Following the country’s shift away from some of the most stringent Covid-19 restrictions in late 2022, the economic recovery of China is right on track. As per Kavan Choksi the country’s first-quarter gross domestic product (GDP) in 2023 grew 4.5 % and marked the highest growth of China’s economy since the first quarter of last year. China’s GDP expanded by just 3 % in 2022 and missed its official growth target of about 5.5%. However, the economy of the country is expected to rebound in 2023.
Kavan Choksi points out that China’s economy is rebounding, but reforms are still needed
The economy of China is geared up to rebound in 2023, with activity and mobility picking up in the country subsequent to the restrictions, thereby providing a boost to the global economy. China’s economy is expected to expand about 5.2 % this year, as opposed to just 3% last year. This is good news not just for China but also for the world at large. After all, the Chinese economy is expected to contribute a third of global growth this year.
However, even though China’s economy is rebounding, it does still face a number of economic challenges. The contraction in the real estate sector remains a major headwind in the nation. Moreover, there are still certain uncertainties associated with the evolution of the virus. For the longer-term, headwinds to growth include a shrinking population, as well as slowing productivity growth. China’s economy requires more comprehensive macroeconomic policies and structural reforms for the purpose of securing its path to recovery. Strategies are also needed to promote balanced, green, and inclusive growth in the country.
As per Kavan Choksi, it would be a prudent choice to keep the fiscal policy neutral this year, along with additional monetary policy accommodation focused on helping secure the recovery amid muted inflation pressures and growth below its potential. Systematic restructuring of certain troubled real estate developers can also be useful in cutting down risks.
Owing to the diminishing returns to capital investment and shrinking labor force in China, growth in the near future shall majorly rely on improving declining productivity growth.
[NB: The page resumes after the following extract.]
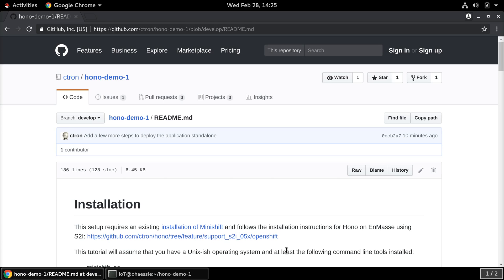Hello and welcome to this tutorial of Eclipse HONO, NMAS, and Eclipse Che. HONO is a project about IoT connectivity, NMAS provides a scalable message layer for the cloud, and Eclipse Che is a web-based IDE that allows you to do cloud-first development.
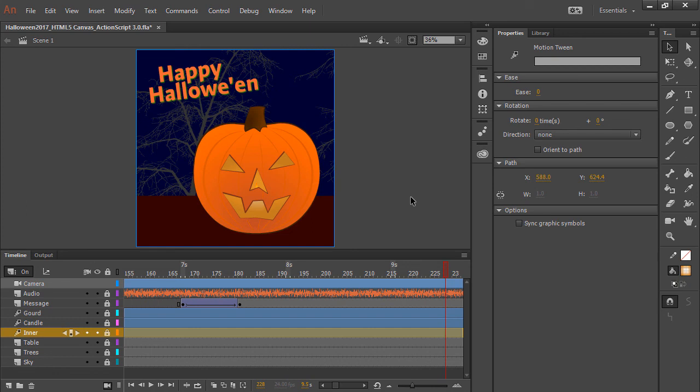So I hope that's useful in understanding some of the subtle things you can do with layer depth, virtual camera, and Advanced Layers mode. And again, happy Halloween.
In the absence of proper reforms, its growth can fall below 4 % over the next five years. However, it is vital to understand that a feasible yet ambitious set of reforms can improve these prospects to a good extent. It can contribute to a more inclusive growth raising the role of household consumption in demand. There are many types of reforms that can help boost growth in coming years, like strengthening unemployment and health insurance benefits, as well as gradually lifting the retirement age to increase labor supply.
Trying to reform state-owned enterprises to close their productivity gap with private firms can also deliver advantageous results. In fact, such reforms have the capacity to increase the income level in China by around 2.5 % in five years.
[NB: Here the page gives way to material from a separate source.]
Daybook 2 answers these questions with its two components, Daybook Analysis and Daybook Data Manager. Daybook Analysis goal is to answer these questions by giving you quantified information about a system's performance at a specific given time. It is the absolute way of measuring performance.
The stronger-than-expected GDP growth in Q1 of 2023, along with surprise double-digit export and retail growth in March, have spurred a good degree of optimism in markets regarding China’s economic rebound. However, the recovery of China might not be even across all sectors. In order to maintain the growth momentum, the government of the nation must work harder and strive to effectively address lingering domestic risks and external conditions.